On November 6, 2018, Haliburton made his college debut for Iowa State, posting 12 points, four rebounds and four assists in a 79–53 victory over Alabama State. He scored a season-high 16 points in an 82–55 victory against Omaha on November 26. On December 9, Haliburton recorded 15 points and 17 assists, with one turnover, in a 101–65 victory over Southern. His 17 assists were the most by an Iowa State player in any game, surpassing the previous record set by Eric Heft in 1974. Through 35 appearances in his freshman season, Haliburton averaged 6.8 points, 3.6 assists and 1.5 steals per game. He was the only NCAA Division I true freshman, other than Zion Williamson, to accumulate at least 50 steals and 30 blocks. Haliburton had an assist-to-turnover ratio of 4.5, which led the Big 12 Conference and ranked second in Division I.
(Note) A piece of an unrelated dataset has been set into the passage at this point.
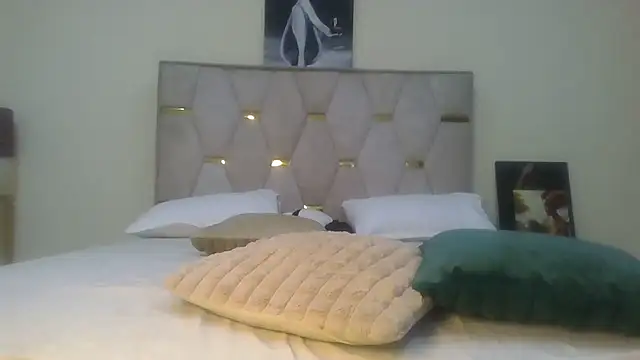 Snapshot of Fine_assie chatting on 02-07-25, 01:25 Fine assie online show from 02-07-25, 01:25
Haliburton was named Big 12 Player of the Week on November 11, 2019, during his sophomore season, after averaging 13.5 points and 13.0 assists in wins over Mississippi Valley State and Oregon State. On November 27, he scored a season-high 25 points, to go with nine rebounds and five assists, in an 83–76 loss to Michigan at the Battle 4 Atlantis. On January 4, 2020, Haliburton recorded 22 points, 12 rebounds and 10 assists in an overtime loss to TCU, the first triple-double by an Iowa State player since Monté Morris in 2016. He was subsequently named Big 12 Player of the Week for the second time. After fracturing his left wrist on February 8 during a game against Kansas State, Haliburton was ruled out for the rest of the season. He averaged 15.2 points, 5.9 rebounds, 6.5 assists and 2.5 steals per game as a sophomore. Haliburton was named to the second-team All-Big 12. After the season, he announced that he would enter the 2020 NBA draft and forgo his remaining college basketball eligibility.

==Professional career==
===Sacramento Kings (2020–2022)===
====2020–21: All-Rookie honors====
Haliburton was selected with the 12th pick by the Sacramento Kings in the first round of the 2020 NBA draft. On November 27, 2020, the Kings officially announced they had signed Haliburton. On December 23, he made his NBA debut, coming off the bench in a 124–122 overtime victory over the Denver Nuggets with 12 points, four assists, two rebounds and a block. On April 14, 2021, Haliburton recorded a career-high six steals in a 123–111 loss to the Washington Wizards.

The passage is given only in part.